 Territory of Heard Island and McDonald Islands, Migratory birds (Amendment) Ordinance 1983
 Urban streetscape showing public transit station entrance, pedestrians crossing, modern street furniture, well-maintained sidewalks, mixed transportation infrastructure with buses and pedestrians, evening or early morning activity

==

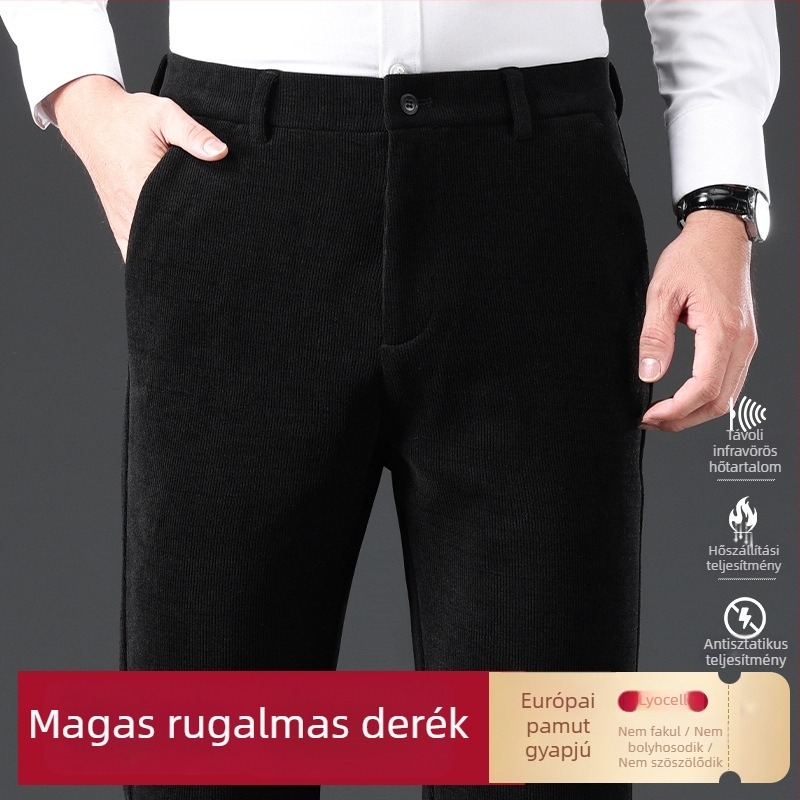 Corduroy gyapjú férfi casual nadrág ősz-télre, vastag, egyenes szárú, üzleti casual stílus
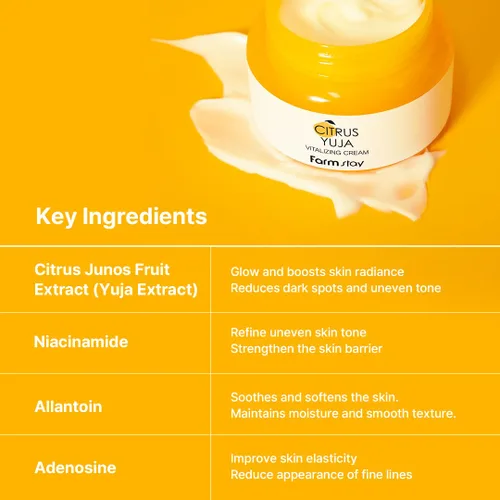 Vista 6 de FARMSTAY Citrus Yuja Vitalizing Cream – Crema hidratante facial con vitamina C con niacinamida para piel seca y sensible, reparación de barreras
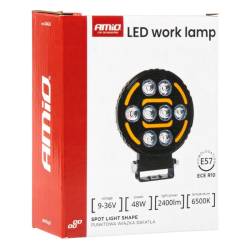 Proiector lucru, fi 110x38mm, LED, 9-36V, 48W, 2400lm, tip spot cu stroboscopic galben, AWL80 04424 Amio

---

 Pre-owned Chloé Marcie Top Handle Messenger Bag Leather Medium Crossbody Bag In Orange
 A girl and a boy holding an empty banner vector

Exercise aim
In the listing above, find the line with "Pre-owned Chloé Marcie" and the line with "A girl and a", then print exactly those lines and every line between them.

Response to this task
 Pre-owned Chloé Marcie Top Handle Messenger Bag Leather Medium Crossbody Bag In Orange
 A girl and a boy holding an empty banner vector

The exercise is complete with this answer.